India will overwhelm your senses with the grandeur of its sights, the mixture of sweet and spicy smells wafting from restaurants, the smoothest and softest pashminas, and the taste of their delicious cuisine.
However, don’t get so dazzled that you might end up falling for popular tourist scams in India. Similar to taking cheap holidays to Spain, immerse yourself in the experience but keep an eye out for the most common scams you might encounter there.
1. The Gem Scam in India
How the gem scam goes
The largest scam which can wipe out your entire life savings starts with a friendly chat. A local will come up to a solo traveler to practice his English or to simply ask why Westerners do not like talking to Indians.
The mark (i.e., you) might feel guilty and start engaging and for solo travelers, this may seem like a good chance to be friends with the locals. Once everyone gets friendly enough (which normally takes a couple of days), the scammers will bring the victim to a lavish home and talk to them about a business opportunity using the victim’s duty-free allowance.
All that the potential victim needs to do is to send a parcel of gems to a post office overseas which he himself will pick up and hand over to their representative.
What follows next is a series of coercion and kidnapping involving accomplices which will end up with the victim finally agreeing to pay for the ‘gems’ through his credit or debit card. All instances of this scam end up with victims sent off to other countries with pocket money but with their savings all gone.
How to avoid the gem scam
Scammers target solo travelers. If you can join a group of other tourists in your hostel, do so. Be always cautious of anyone being friendly and inviting you the next day for a tour of the city.
Remember that this scam is expertly orchestrated with scammers taking the time to meet and take their victims around the city for a couple of days to establish trust. Never show anyone your passport unless you are sure that you are talking to the authorities.
Trust your instincts and if you think that your new local “friend” might be a scammer, move to a different hostel and do not meet them again the next day.
2. The New Hotel Scam
How the new hotel scam in India goes
There are different versions of this scam. First, the taxi driver will pretend not to know where your hotel is and recommend a new hotel (where they get commissions).

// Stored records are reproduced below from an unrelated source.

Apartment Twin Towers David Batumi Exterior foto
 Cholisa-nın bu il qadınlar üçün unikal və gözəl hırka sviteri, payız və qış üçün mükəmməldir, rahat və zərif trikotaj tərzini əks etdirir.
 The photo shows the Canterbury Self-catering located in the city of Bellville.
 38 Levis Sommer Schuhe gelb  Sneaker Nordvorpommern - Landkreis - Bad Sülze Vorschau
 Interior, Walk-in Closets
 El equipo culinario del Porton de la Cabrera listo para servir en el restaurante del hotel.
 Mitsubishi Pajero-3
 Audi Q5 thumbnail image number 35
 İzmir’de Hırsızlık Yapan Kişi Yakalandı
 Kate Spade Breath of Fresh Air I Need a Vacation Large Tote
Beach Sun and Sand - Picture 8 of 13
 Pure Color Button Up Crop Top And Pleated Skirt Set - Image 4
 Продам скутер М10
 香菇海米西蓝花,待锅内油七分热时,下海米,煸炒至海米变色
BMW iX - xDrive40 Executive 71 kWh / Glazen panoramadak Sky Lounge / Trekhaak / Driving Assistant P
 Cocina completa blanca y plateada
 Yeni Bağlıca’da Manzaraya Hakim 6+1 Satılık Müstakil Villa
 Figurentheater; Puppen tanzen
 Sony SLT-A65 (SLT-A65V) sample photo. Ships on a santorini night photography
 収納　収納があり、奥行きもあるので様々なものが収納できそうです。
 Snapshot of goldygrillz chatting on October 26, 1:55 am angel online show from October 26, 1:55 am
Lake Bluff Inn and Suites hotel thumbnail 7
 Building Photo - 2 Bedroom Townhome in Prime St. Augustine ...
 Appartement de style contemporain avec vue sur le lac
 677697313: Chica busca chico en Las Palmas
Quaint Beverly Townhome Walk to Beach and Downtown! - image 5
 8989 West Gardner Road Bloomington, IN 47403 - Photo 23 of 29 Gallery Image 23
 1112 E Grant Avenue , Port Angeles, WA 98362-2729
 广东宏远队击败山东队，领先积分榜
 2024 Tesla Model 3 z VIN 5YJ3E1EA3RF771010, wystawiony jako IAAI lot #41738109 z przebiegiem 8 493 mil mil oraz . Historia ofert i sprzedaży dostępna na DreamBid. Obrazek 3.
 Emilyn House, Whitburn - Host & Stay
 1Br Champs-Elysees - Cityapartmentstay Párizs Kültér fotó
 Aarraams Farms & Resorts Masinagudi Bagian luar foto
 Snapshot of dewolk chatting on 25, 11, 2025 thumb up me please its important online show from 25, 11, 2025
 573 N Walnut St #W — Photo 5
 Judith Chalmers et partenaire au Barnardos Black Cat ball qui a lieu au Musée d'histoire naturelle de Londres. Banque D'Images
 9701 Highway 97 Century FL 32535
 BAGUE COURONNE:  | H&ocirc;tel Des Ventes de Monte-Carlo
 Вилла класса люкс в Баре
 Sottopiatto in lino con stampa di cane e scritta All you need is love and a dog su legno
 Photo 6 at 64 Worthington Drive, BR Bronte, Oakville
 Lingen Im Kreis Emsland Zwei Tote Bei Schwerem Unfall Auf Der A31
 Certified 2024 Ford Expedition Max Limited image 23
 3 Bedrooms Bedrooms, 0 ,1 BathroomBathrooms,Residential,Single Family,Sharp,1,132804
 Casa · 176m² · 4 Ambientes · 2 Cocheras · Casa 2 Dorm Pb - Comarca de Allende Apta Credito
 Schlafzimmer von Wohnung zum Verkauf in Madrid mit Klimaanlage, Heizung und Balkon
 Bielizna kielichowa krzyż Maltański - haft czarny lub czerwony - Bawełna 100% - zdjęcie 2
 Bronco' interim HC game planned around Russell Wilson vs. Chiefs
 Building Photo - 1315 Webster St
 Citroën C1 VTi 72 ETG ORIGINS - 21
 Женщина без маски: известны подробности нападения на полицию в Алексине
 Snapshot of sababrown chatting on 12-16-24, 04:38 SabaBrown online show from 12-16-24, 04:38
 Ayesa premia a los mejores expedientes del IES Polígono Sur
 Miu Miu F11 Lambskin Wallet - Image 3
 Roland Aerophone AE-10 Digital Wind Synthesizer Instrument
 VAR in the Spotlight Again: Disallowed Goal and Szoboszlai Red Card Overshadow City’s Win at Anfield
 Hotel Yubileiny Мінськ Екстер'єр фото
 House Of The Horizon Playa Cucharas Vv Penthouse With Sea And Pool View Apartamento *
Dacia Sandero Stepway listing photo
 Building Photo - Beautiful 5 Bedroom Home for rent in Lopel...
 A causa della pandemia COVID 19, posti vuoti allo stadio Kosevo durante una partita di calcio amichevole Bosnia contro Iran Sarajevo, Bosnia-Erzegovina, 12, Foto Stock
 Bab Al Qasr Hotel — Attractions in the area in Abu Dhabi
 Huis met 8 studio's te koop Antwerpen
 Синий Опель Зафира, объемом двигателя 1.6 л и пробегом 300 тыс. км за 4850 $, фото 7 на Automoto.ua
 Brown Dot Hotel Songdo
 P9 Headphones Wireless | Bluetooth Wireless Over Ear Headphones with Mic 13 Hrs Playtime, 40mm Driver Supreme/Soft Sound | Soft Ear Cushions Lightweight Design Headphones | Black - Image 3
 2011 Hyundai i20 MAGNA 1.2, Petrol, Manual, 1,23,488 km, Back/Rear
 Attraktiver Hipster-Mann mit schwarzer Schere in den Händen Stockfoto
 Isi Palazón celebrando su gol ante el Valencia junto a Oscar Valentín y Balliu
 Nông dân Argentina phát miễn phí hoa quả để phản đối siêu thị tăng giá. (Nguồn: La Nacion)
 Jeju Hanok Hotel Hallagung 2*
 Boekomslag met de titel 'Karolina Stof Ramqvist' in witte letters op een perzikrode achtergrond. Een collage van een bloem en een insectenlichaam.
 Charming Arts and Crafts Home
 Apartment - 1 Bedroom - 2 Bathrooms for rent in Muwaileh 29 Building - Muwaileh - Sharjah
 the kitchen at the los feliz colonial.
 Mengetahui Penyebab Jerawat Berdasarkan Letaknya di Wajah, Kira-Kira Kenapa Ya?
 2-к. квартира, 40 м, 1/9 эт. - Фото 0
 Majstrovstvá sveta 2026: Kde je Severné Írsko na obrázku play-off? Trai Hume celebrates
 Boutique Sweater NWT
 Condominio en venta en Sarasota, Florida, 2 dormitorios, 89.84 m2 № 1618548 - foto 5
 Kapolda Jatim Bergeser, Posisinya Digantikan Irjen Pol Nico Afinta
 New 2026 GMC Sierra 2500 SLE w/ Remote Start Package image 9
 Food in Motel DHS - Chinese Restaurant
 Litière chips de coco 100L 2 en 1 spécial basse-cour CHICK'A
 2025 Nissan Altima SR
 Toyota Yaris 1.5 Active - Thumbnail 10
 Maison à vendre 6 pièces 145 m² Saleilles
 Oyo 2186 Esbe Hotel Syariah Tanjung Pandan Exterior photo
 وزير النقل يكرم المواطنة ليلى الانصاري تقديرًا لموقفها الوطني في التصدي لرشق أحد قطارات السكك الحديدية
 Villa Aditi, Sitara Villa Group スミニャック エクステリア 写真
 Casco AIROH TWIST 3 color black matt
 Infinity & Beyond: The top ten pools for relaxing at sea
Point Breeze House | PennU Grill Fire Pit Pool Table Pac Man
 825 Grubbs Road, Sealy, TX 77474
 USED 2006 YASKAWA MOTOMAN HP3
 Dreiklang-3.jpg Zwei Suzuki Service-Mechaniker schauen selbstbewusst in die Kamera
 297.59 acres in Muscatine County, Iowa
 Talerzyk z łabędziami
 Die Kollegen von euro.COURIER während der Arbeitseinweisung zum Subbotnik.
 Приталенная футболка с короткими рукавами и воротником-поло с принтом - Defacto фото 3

Another version is that the driver will tell you that the hotel you’ve booked already moved, was burned down, or has been renamed under a different management.
How to avoid this scam
Once you arrive in India, get a local SIM card (make sure you get one from the official stores of Vodafone, IDEA, or Airtel). Have your hotel’s number and address ready. Call them once your taxi driver starts to tell you any of these alibis.
If you have an internet connection, check the map and tell your driver the directions in case he seems to be going around.
3. The Pens and Milk Scam
How the pens and milk scam in India goes
No one really likes to give beggars cash because you’re helping them get accustomed to the idea that it’s easy to attain money.
But what if someone asks you to follow them to buy their children’s milk or if a child tugs your hand asking you to buy her a pen? Most think that it’s okay to give beggars something, like food or clothing, as long as it’s not money.
Here’s the scam part: once you turn your back, the child or woman will return the product to the shop owner in exchange for cash.
How to avoid this scam
Ignore the beggars. It can be hard especially if you are very compassionate, but if you really want to help them, go to popular NGOs and charities in India to make sure that your money will go to the right people.
After some time in India, most travelers start being desensitized to beggars and generally any local asking for money.
Bonus: Fake Ticket or Booking Offices Scam
How this scam goes
You go out looking for a bus or train ticket booking office. The fake booking office will tell you that there are no more seats on the bus or train and you have to pay more for a seat. The outcome could either be you overpaid for a legitimate ticket or you purchased a fake one.
Another variation can happen once you are already at the train station. Someone dressed as an official will come up to you to see your ticket and will tell you that you need to purchase an additional ‘foreigner’ ticket. He will then direct you to the fake booking office outside the station.
How to avoid this scam
Buy tickets at the bus or train station. If you must book tickets early, find a popular booking office with ongoing activity.
The fake ones have no ticket counters, with only one computer (or none!), and generally looks sleazy. Research before heading out to buy tickets. Once at the station, only deal with the personnel inside the official ticket office.
Reading all the news about scams in India can be disheartening but all these could be avoided if you do your research ahead of time. If your gut tells you that something is wrong, listen and pay attention.
An India trip can easily be one of your most culturally-rich journeys so don’t let these scammers hinder you from having an adventure of a lifetime!